## GOAL OF THE EXERCISE
Below are records; how many of their lines contain "foto"? Give the number and no other words.

*** Opening of DATA EXTRACTS ***

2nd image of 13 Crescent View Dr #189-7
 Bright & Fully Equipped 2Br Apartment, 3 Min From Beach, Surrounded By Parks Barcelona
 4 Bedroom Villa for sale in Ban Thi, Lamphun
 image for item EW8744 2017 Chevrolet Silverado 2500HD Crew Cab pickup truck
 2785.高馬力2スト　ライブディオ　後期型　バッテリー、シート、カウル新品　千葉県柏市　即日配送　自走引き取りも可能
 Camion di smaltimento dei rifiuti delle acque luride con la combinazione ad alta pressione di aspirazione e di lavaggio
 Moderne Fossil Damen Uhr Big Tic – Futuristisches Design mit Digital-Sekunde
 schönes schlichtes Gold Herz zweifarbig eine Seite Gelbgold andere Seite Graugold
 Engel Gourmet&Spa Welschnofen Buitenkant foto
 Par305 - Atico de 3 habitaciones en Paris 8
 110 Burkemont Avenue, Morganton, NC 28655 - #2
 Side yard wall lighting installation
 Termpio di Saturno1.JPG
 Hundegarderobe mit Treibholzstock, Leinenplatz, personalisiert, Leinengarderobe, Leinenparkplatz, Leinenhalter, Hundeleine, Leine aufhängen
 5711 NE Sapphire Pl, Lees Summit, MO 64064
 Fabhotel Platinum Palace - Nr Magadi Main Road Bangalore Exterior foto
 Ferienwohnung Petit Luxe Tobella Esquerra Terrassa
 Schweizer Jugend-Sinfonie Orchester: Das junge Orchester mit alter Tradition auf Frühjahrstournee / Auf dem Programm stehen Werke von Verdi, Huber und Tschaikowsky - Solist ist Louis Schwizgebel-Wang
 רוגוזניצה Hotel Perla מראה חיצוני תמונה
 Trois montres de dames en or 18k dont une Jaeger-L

*** Close of DATA EXTRACTS ***

## ANSWER SECTION
2